Two things about that.
One, I've been hearing that my whole life. And two, so has basically everyone who's alive today. To wit, a friend passes along this clipping from 102 years ago:
Cleveland, Ohio., Jan. 31 -- Christy Mathewson is of the opinion that the day of the slow ball pitcher in fast company is a thing of the past. "When I broke into the big leagues," said Christy yesterday, "Win Mercer, Clark Griffith, Red Donohue and other pitchers were getting away with their games and each one was depending upon a slow ball to a large extent. Billy Reidy and Dusty Rhoades followed them, but look over the list of pitchers in the two big leagues today and you will not find a single pitcher who is noted for his slow ball. There may be some who have a floater in their repertory, but they do not depend upon it to any extent.

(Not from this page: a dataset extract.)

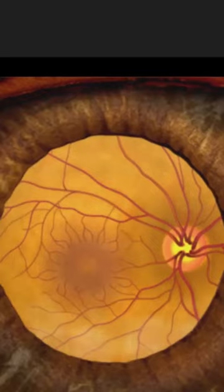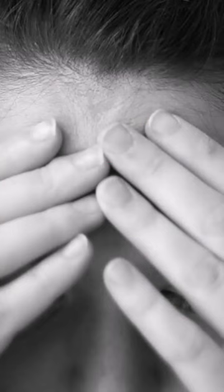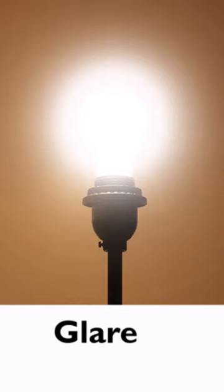When you have your eyes dilated during an eye exam, you may experience a range of symptoms that can make it difficult to use your eyes. These symptoms include blurry vision, difficulty focusing on objects close to you, increased sensitivity to bright lights, and a glare when looking at certain objects.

"Today the big league pitcher must have speed. The majority of the big league pitchers are large men, but large or small they must be able to put steam on the ball or they go back to the minors. In fact, when a big league scout reports some minor league find to his employer, the first question the latter asks is 'Has he any smoke?'
"I have reasoned it out that the slow ball pitcher scarcely ever won his games by small scores and the clubs in the day when slow ball pitchers thrived generally had a lot of batters who won their games by big scores. It did not cause much damage if five or six runs were scored against a club that owned a slow ball pitcher if that team was able to go out and score seven or eight runs. But nowadays the scores are smaller and the man with the floater finds it difficult to stand the pace."
Has he any smoke? They were asking that question in 1911, and they're still asking it today. For the simple reason that pitchers who throw hard are, and always have been, more difficult to hit. Generally speaking.